• GIVEN DATA
━━━━

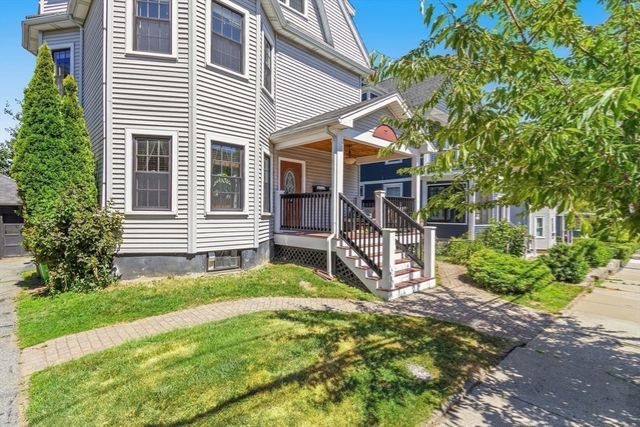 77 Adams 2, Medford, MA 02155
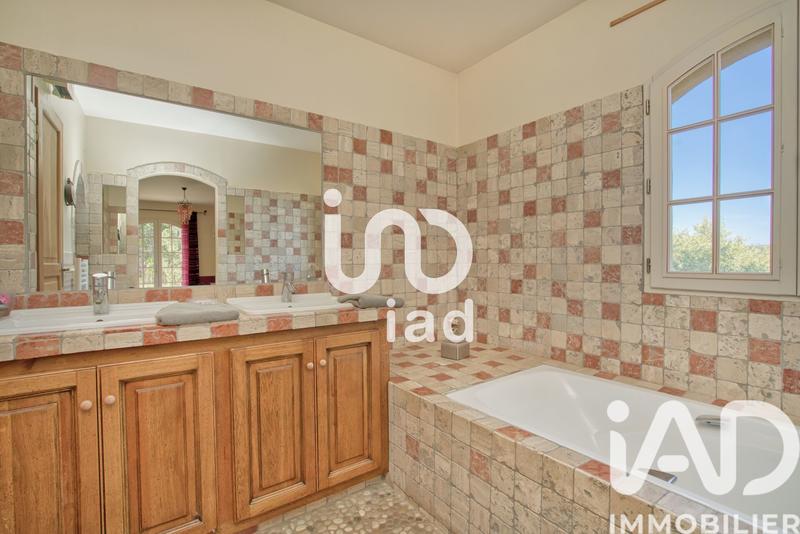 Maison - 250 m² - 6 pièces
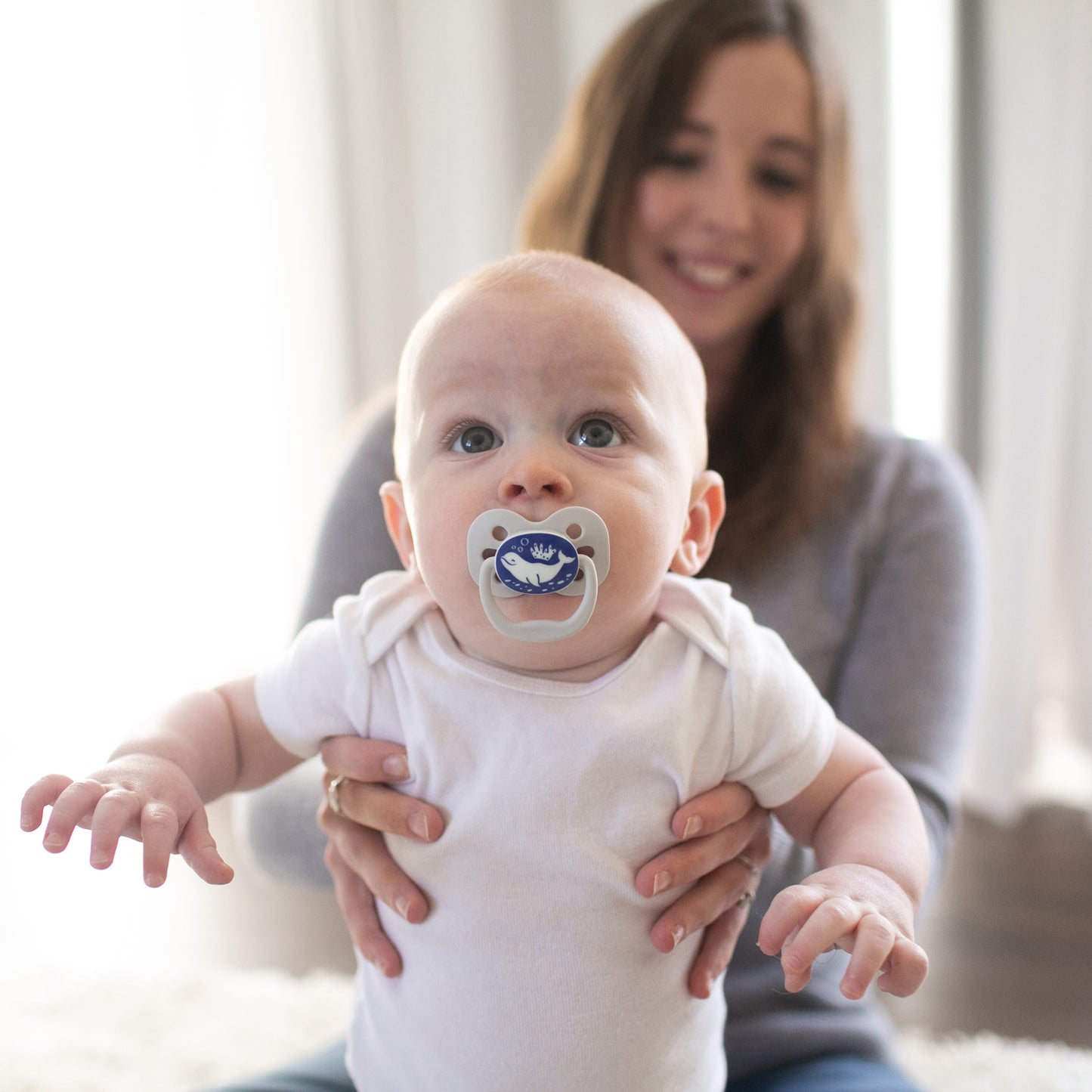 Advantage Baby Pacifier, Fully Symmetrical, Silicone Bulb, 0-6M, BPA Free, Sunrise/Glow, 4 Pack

━━━━

• TASK STATEMENT
Make an exact copy of the data, leaving its pictures out.

• WORKED SOLUTION
 77 Adams 2, Medford, MA 02155
 Maison - 250 m² - 6 pièces
 Advantage Baby Pacifier, Fully Symmetrical, Silicone Bulb, 0-6M, BPA Free, Sunrise/Glow, 4 Pack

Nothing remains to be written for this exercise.